The benefit of the dismissal privilege must carry with it commensurate responsibility responsibility for counsel, as an officer of the courts,[11] to ascertain the need for and the consequence of a voluntary dismissal before removing a client's cause from the adjudicatory process which counsel has set in motion. Correlative with this responsibility must be the risk, like so many others which attend counsel's judgmental decisions in the course of a trial, that the action taken may prove prejudicial to the ultimate success of the litigation. It has never been the role of the trial courts of this state to relieve attorneys of their tactical mistakes. The rules of civil procedure were never designed for that purpose, and nothing in Rule 1.540(b) suggests otherwise.

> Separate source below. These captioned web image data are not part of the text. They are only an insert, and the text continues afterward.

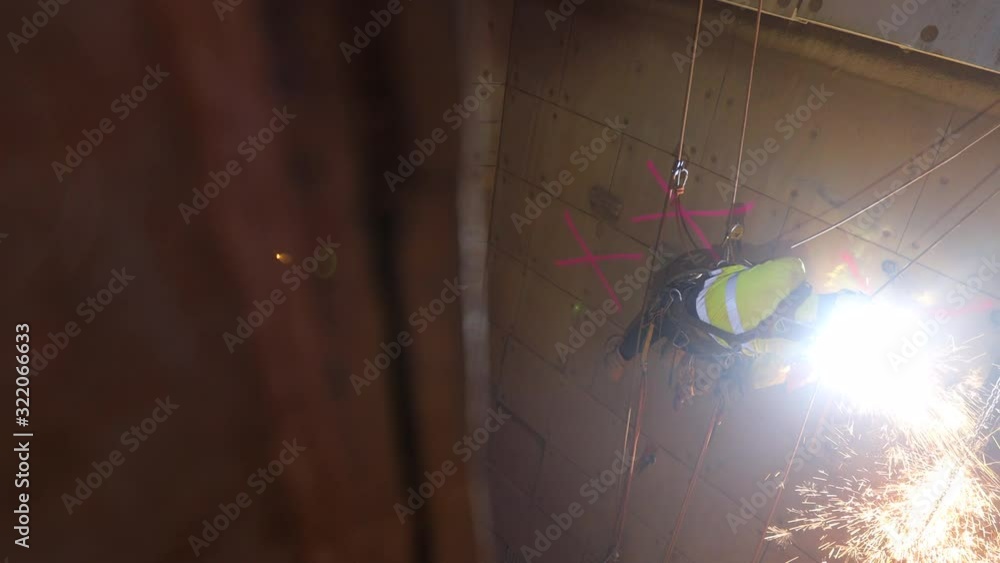 Footage rope access high risk wearing full safety harness, helmet, mask ...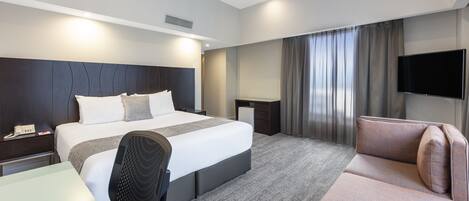 A modern hotel room with a large bed, a desk, a chair, a sofa, a flat-screen TV, and a large window with curtains.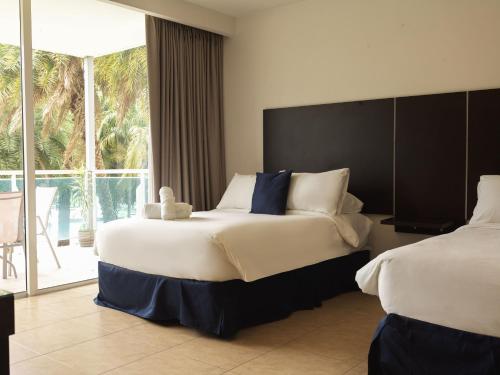 a bedroom with two beds and a large window at Beach Apartment Nikki Steps From The Sea in El Chirú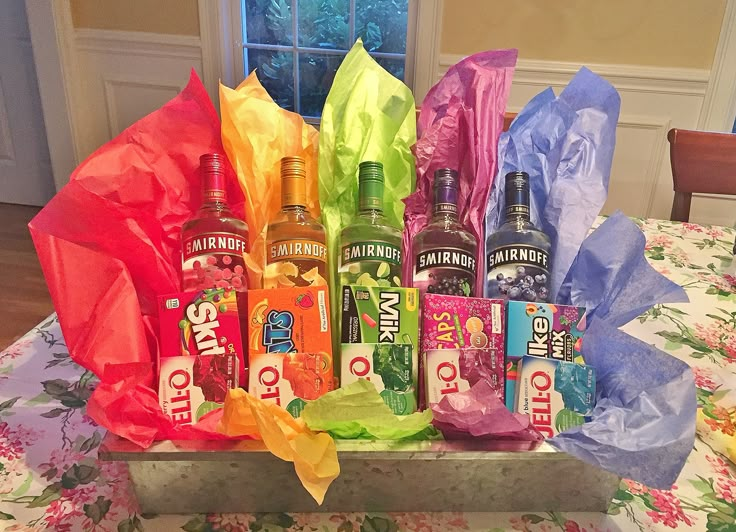 an assortment of liquors and candy wrapped in tissue paper on a dining room table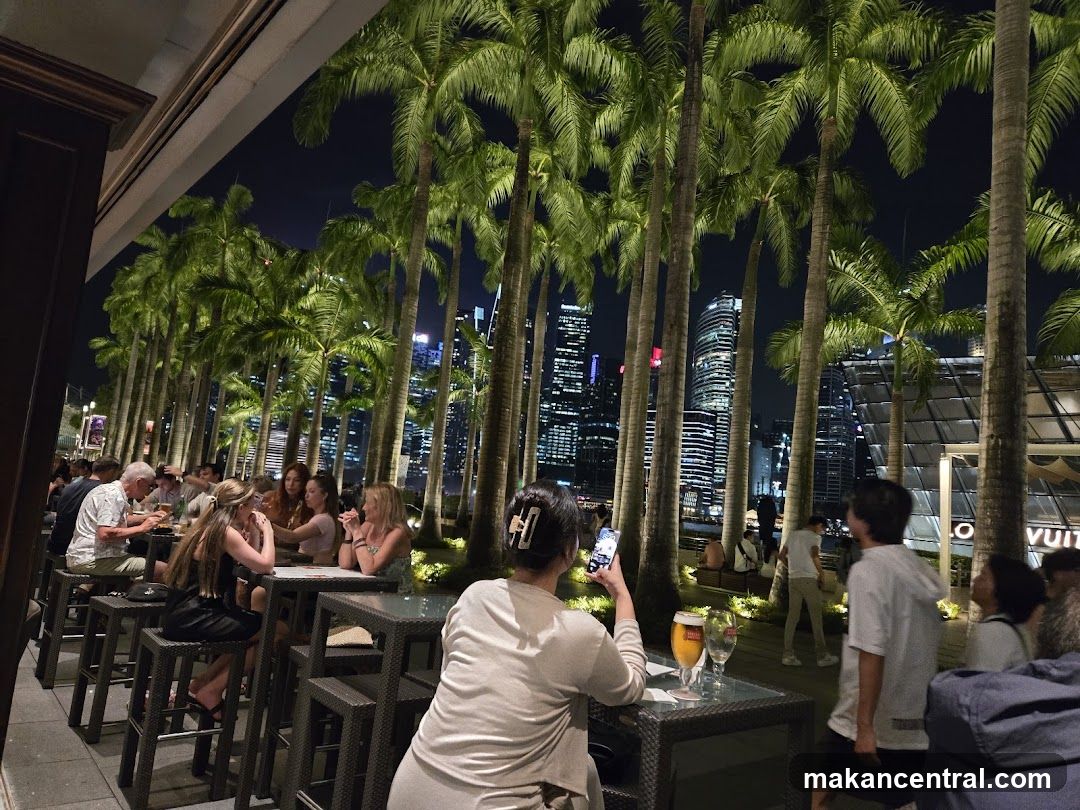 Outdoor dining with city skyline view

We approve the view of the First and Fourth District Courts of Appeal that a voluntary dismissal under Rule 1.420(a)(1)(i) divests the trial court of jurisdiction to relieve the plaintiff of the dismissal. The decision below is quashed and this case is remanded for proceedings consistent with this opinion.
It is so ordered.
OVERTON, C.J., and SUNDBERG, HATCHETT and ALDERMAN, JJ., concur.
NOTES
[1] Fla.R.Civ.P. 1.420(a)(1)(i).
[2] Randle Eastern Ambulance Serv., Inc. v. Vasta, 345 So.2d 1084 (Fla. 3d DCA 1977).
[3] Rich Motors, Inc. v. Loyd Cole Produce Express, Inc., 244 So.2d 526 (Fla. 4th DCA 1970).
[4] Art. V, § 3(b)(3), Fla. Const.
[5] Anderson v. Lovejoy, 354 So.2d 951 (Fla. 1st DCA 1978), pending on cert., No. 53,472 (Fla.).
[6] See Gate City, Inc. v. Arnold Constr. Co., 243 So.2d 637 (Fla. 4th DCA 1971). This view as to the effect of a voluntary dismissal was preferred by Massey and Klock in their 1972 survey of civil procedure developments. 26 U. Miami L.Rev., 469, 532 n. 424 (1972).
[7] The district court below adopted the reasoning of its previous decision in Cooper v. Carroll, 239 So.2d 511 (Fla. 3d DCA 1970), in which the theory of continuing jurisdiction was first evolved.
[8] Fla.R.Civ.P. 1.540(b).
[9] Fla.R.Civ.P. 1.420(a)(1).
[10] Fla.R.Civ.P. 1.420(d).
[11] Fla.Bar Integr.Rule, preamble (b).